Consider what Plato’s Academy, established in 380 B.C., did.
Plato’s Academy existed for more than 900 years, and closed in 529 — the year St. Benedict arrived at the summit of Monte Cassino. As the light of ancient learning was being extinguished, the light of Christian learning in the West was being ignited. St. Benedict sparked a new revolution of learning.
The Benedictines’ influence on education was so great that to this day, we all dress up like Benedictines to receive our diplomas and degrees. Or, another way to state its important is this: Because of Benedictine education, Western Civilization exists. The Benedictines created the culture of Europe by building community, spreading the faith, and advancing scholarship. Benedictine College is dedicated to the same mission, which it hopes will do the same thing again: educating men and women with in a community of faith and scholarship.
Community life built up around abbeys and convents where Benedictines made a “vow of stability,” promising to live and die with their communities. These religious houses became the new centers of civilization, establishing ordered commerce and providing safe houses that made it possible for merchants to travel dangerous roads.

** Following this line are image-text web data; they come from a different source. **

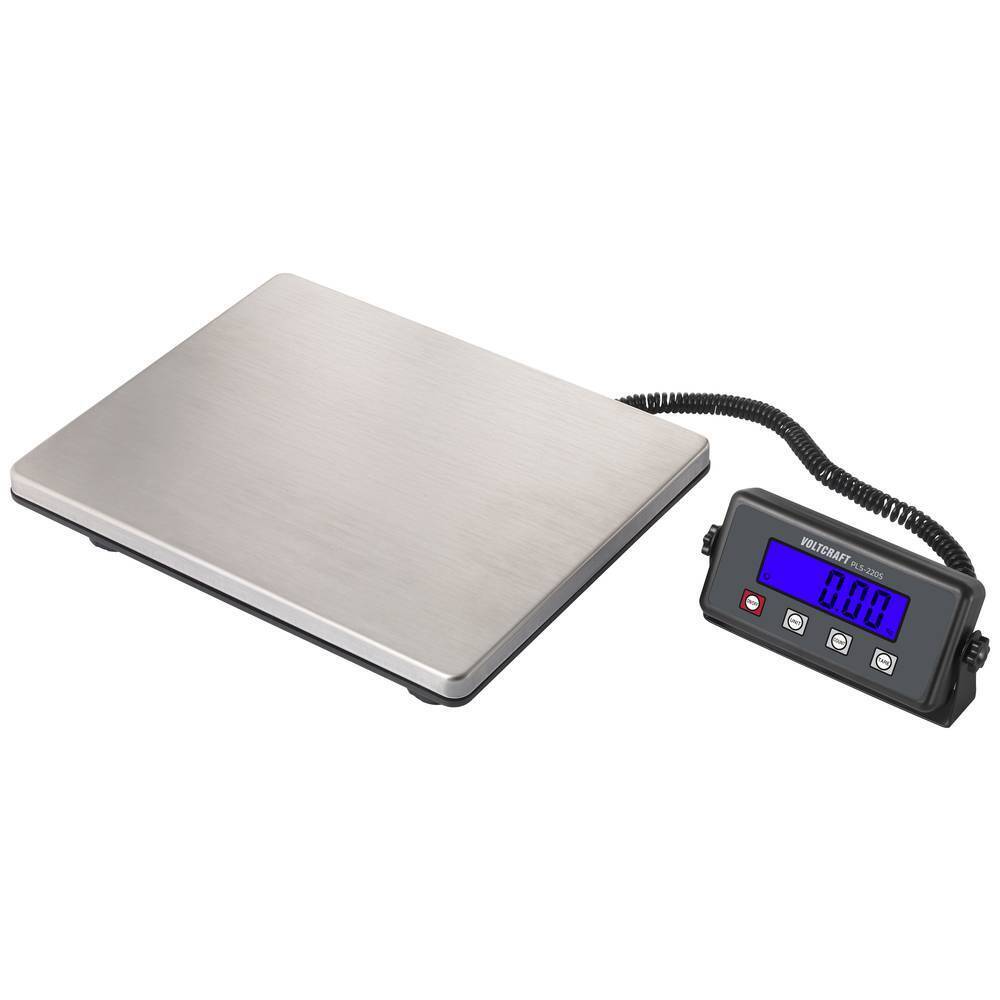 VOLTCRAFT PLS-220S VC-12870875 Bilancia a piattaforma Portata max. 200 kg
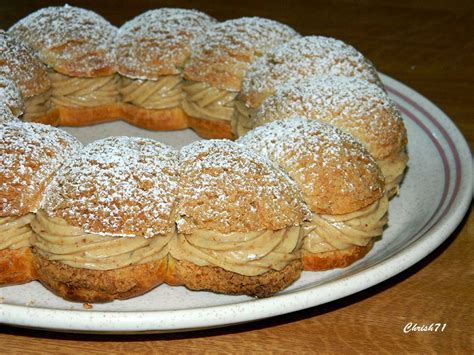 Paris Brest Fa On Philippe Conticini Un Paris Brest Dress Avec Des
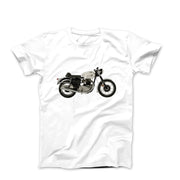 1961 BSA A10 Super Rocket Motorcycle T-shirt - Cars, Trucks & Cycles - Harvey Ltd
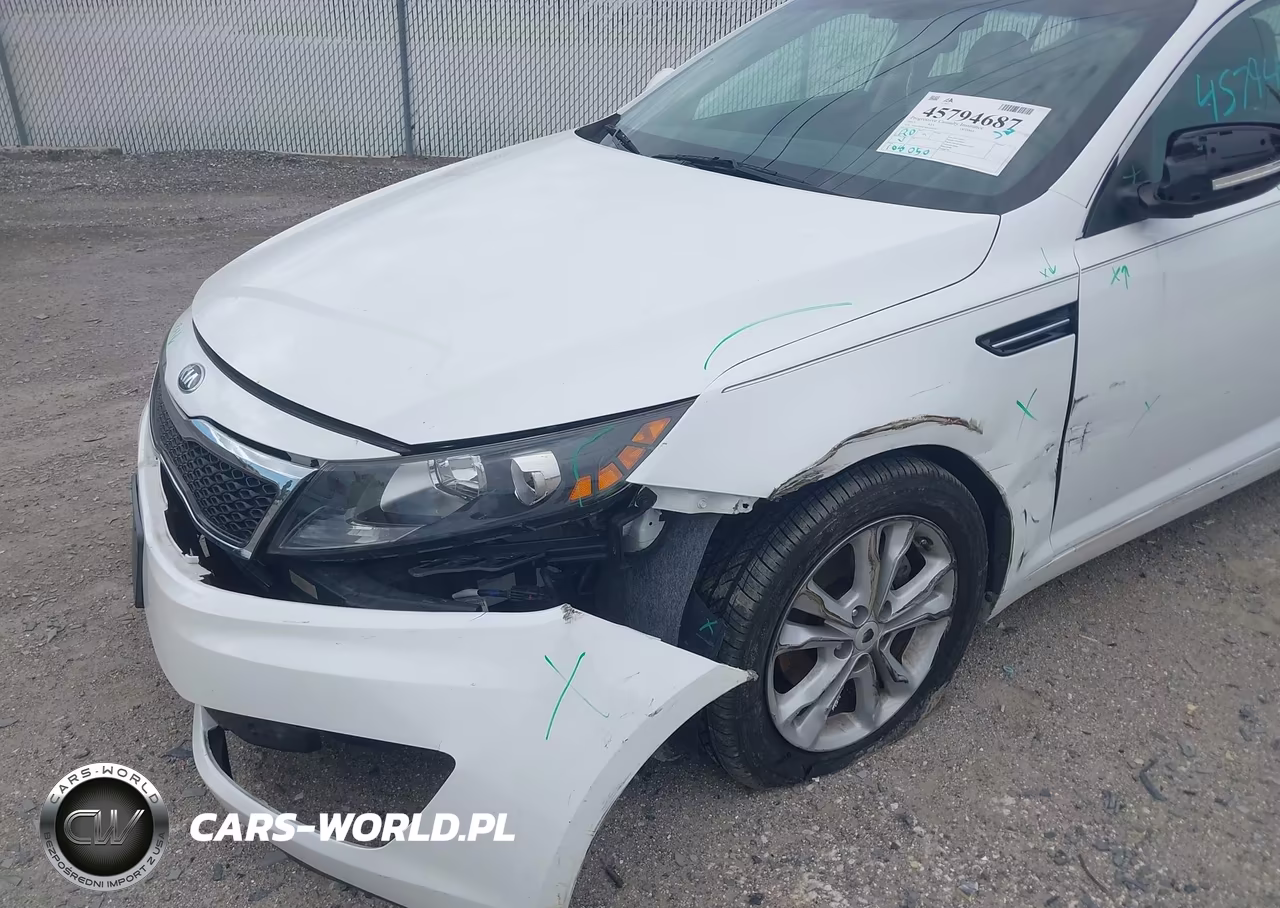2013 Kia Optima Ex VIN:5XXGN4A74DG147140 - 6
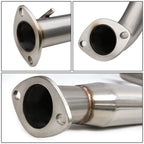 4" Oval Muffler for Chevy Cobalt (2005–2010) - Stainless Steel Catback Exhaust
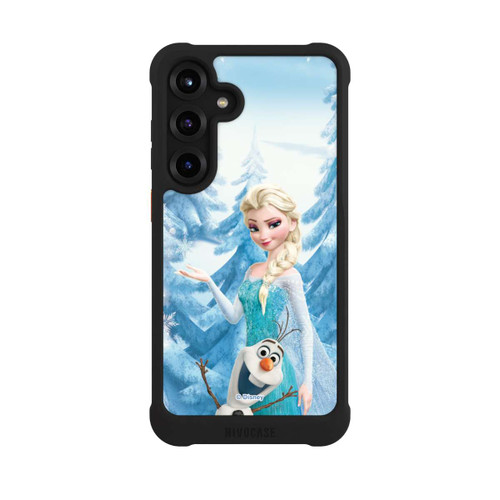 Samsung Galaxy S25+  NIVOmax La Reine des Neiges Elsa &amp; Olaf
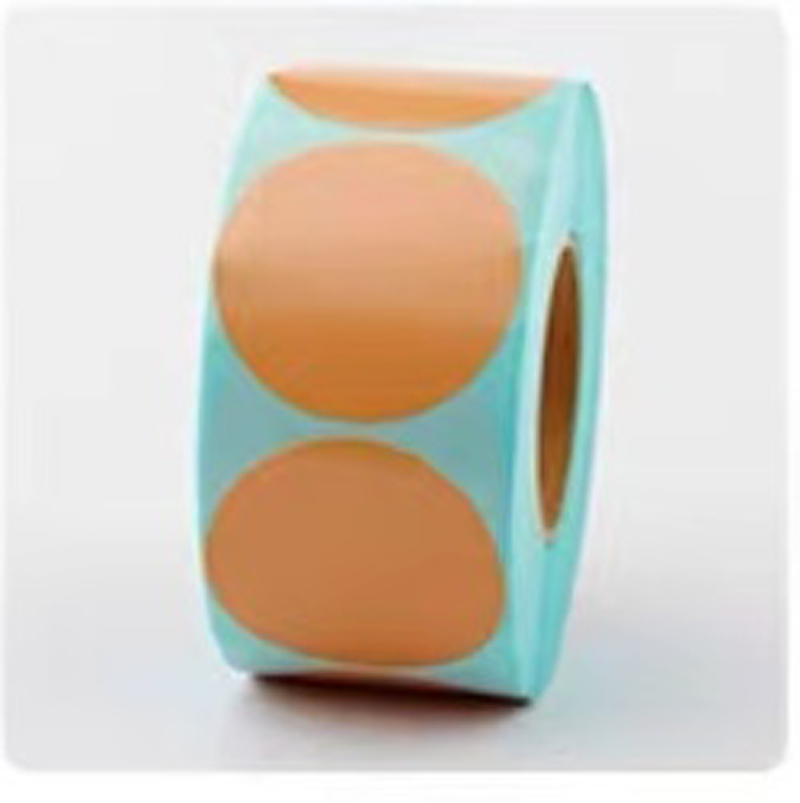 Round Color thermal label 80 1 - огляд і ціна Round Sticker Thermal Labels Colored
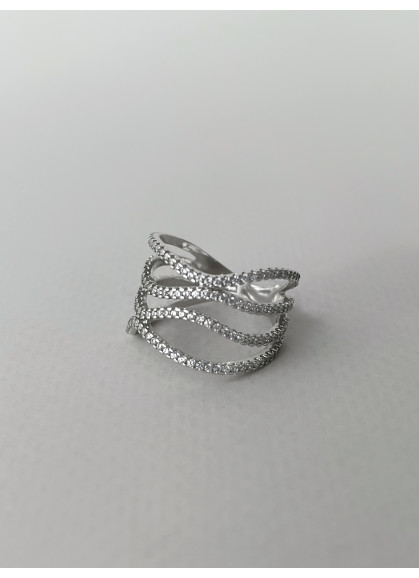 Каблучка Silver Waves
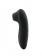 Черный вакуумный стимулятор клитора Curvy - LoveStore в Хабаровске Черный вакуумный стимулятор клитора Curvy - LoveStore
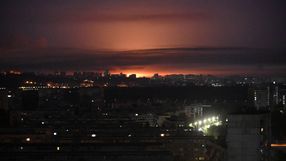 Rosyjski atak na Kijów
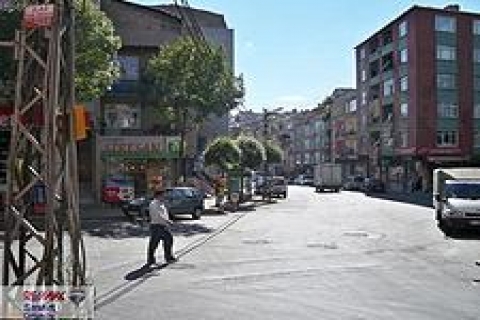 Esenler'de bir bina tahliye edildi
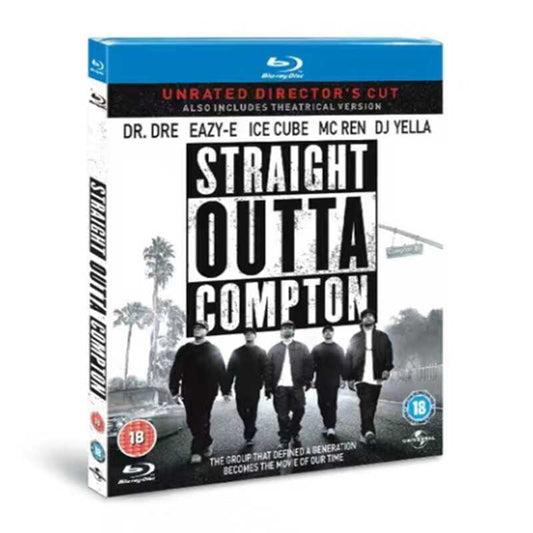 映画「ストレイト・アウタ・コンプトン」ブルーレイ1枚組[Blu-ray-BOX]高画質海外盤正規品-華流グッズストア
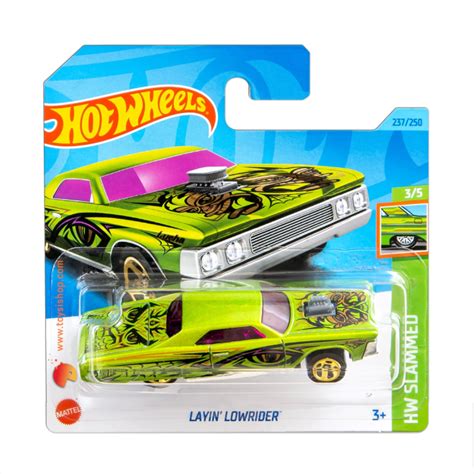 Hot Wheels Layin Lowrider Hw Slammed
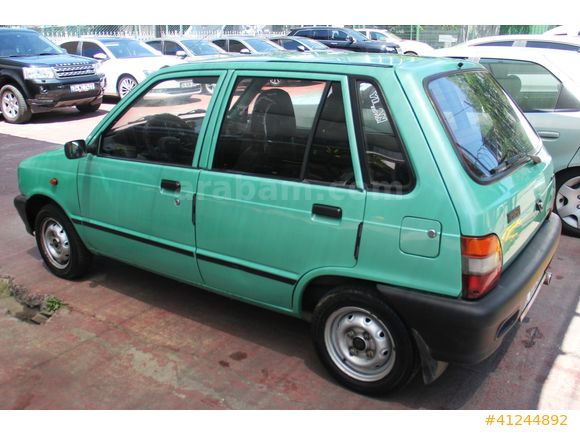 ENCAR'DAN 2000 MODEL SUZUKİ MARUTİ LPG ELEKTRİKLİ CAM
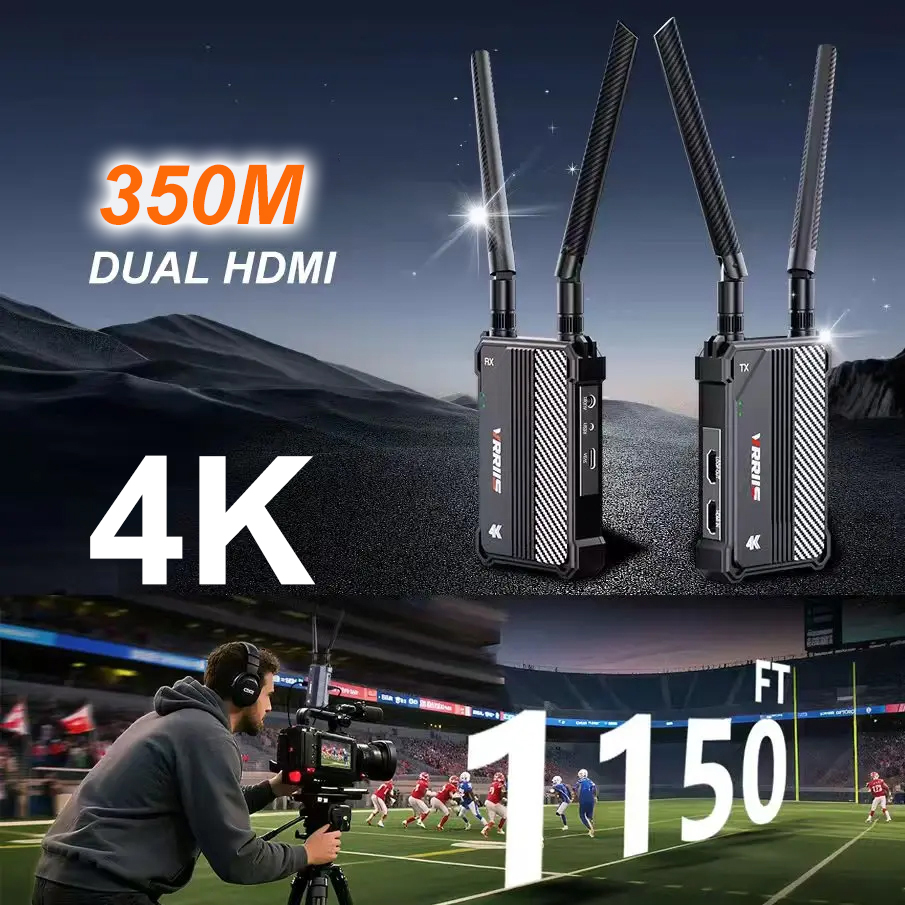 Transmitter dan Receiver Audio - Wireless Video Transmitter For Camera Dslr ulasan dan harga
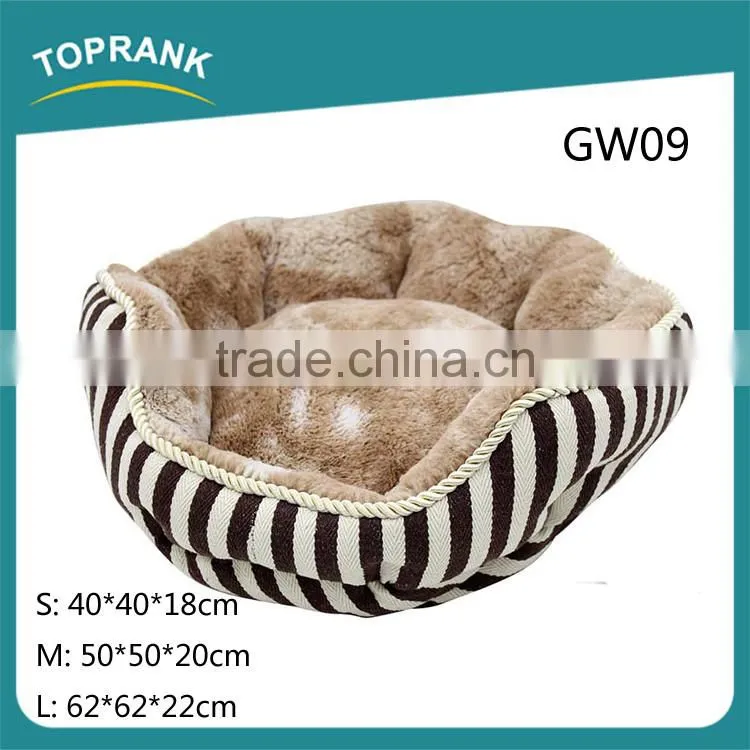 Professional Manufacturer Cute Custom Wholesale Dog Bed For Large Dog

Faith spread out from Benedictine churches, where sisters and monks showed people the purpose of their lives and established the liturgical year that made the truths of the faith the organizing principle for Catholic living.
Scholarship was kept alive by monks and sisters who preserved the great works of antiquity and copied manuscripts by the Church Fathers, applying enduring truths to new realities.
You see the influence of community, faith and scholarship in all the great Benedictine figures. St. Gregory the Great was a great community organizer, organizing the first charity drive for the poor throughout his realm; he was the “father of Christian worship” because of his influence on liturgy; and his enormous body of writing — 854 letters for starters — made him a Doctor of the Church. Some 500 years later, another Benedictine figure, St. Hildegard of Bingen, built community through music, spread the faith with her visionary spirituality, and was made a doctor of the Church through her remarkable corpus of theological works.
Fast forward to our time.
A Spanish Marxist reportedly said, “Give me 10 universities and I’ll change the face of Europe.” If that report is true, he got them and he did. Karl Marx, a disciple of early atheist thinkers, decided that religion was just a tool of oppressors that needed to be cast off. Men of the academy continued his project: Friedrich Nietzsche, Jean-Paul Sarte, Michel Foucault and many others.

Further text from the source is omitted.